* [WORK TO COMPLETE] Your reply is to be the lines below, exactly as written, with images omitted.

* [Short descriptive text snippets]

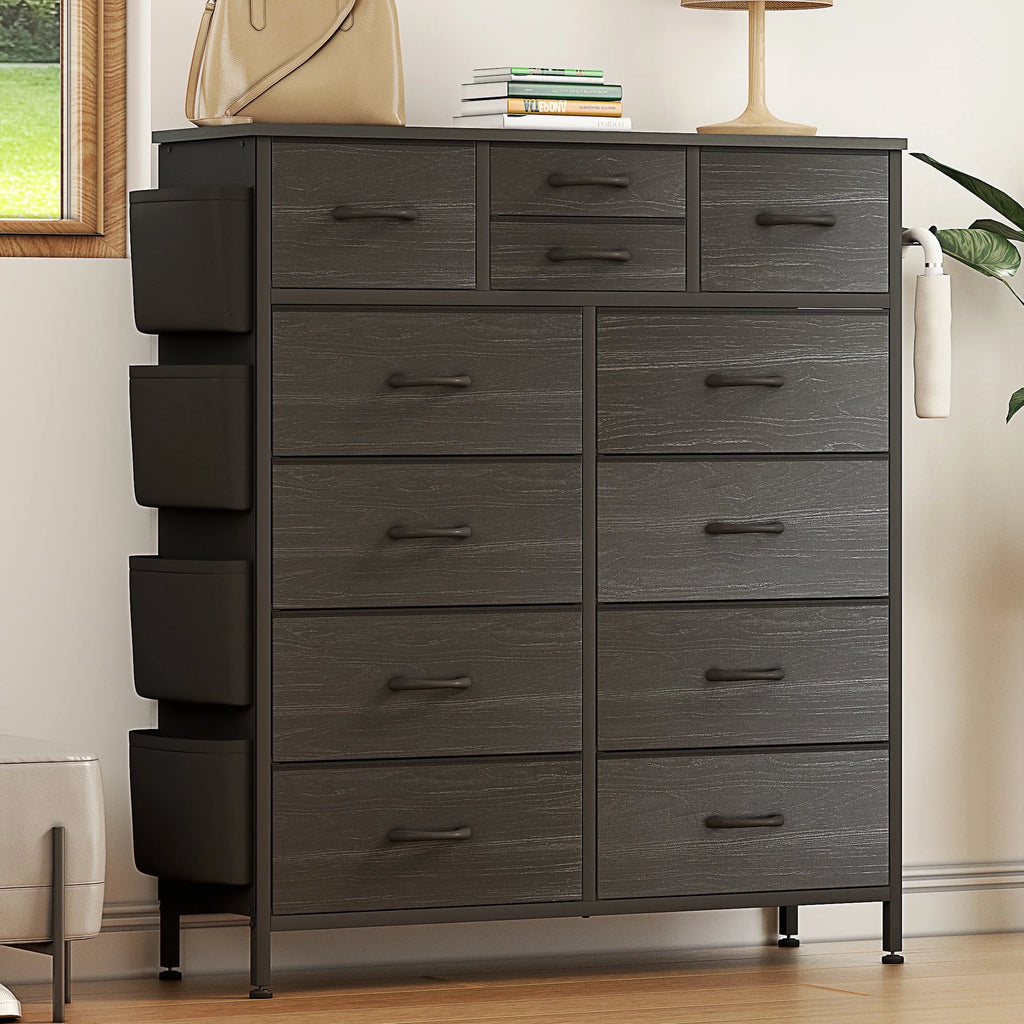 Rustic Brown 12 Drawer Fabric Dresser I313301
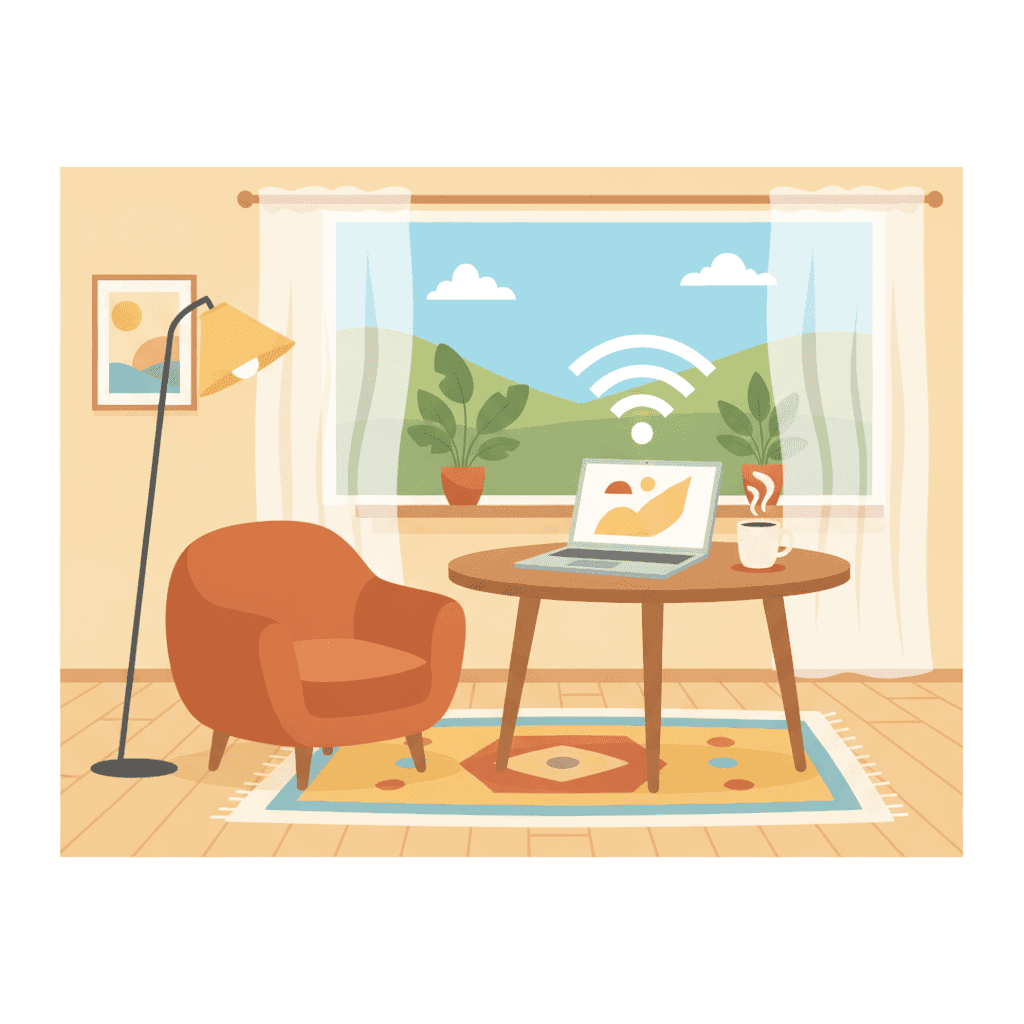 Ilustración plana de un portátil sobre una mesa de comedor en una vivienda turística con buena luz natural y una taza de café al lado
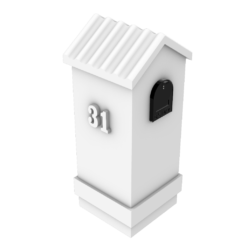 Stucco mailbox with a rustic feel, complementing a traditional-style house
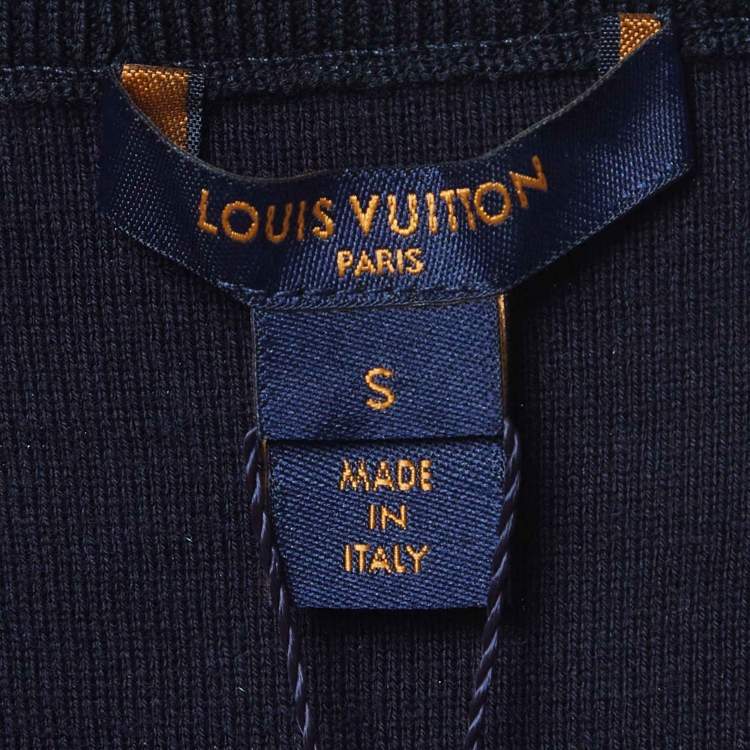 Pre Owned Louis Vuitton Navy Blue Cashmere Knit Zip-Up Jacket S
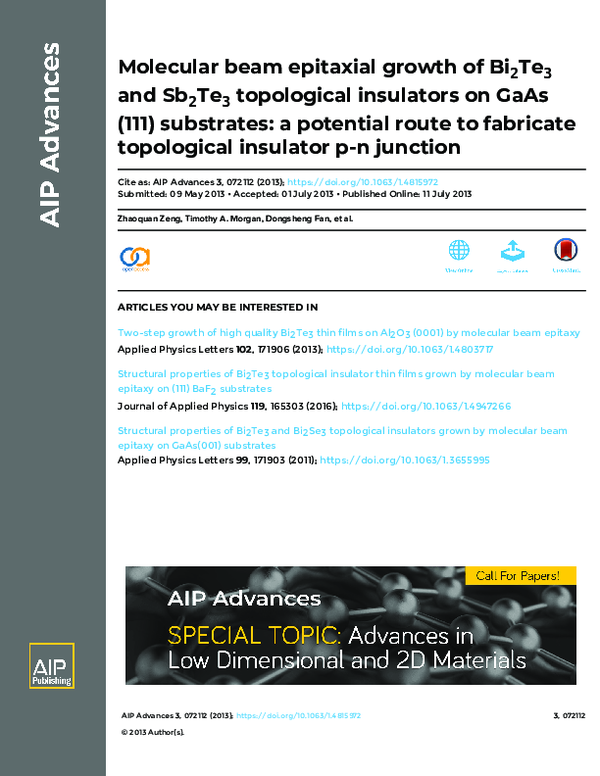 (PDF) Molecular beam epitaxial growth of Bi2Te3 and Sb2Te3 topological ...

* [TASK ANSWER]
 Rustic Brown 12 Drawer Fabric Dresser I313301
 Ilustración plana de un portátil sobre una mesa de comedor en una vivienda turística con buena luz natural y una taza de café al lado
 Stucco mailbox with a rustic feel, complementing a traditional-style house
 Pre Owned Louis Vuitton Navy Blue Cashmere Knit Zip-Up Jacket S
 (PDF) Molecular beam epitaxial growth of Bi2Te3 and Sb2Te3 topological ...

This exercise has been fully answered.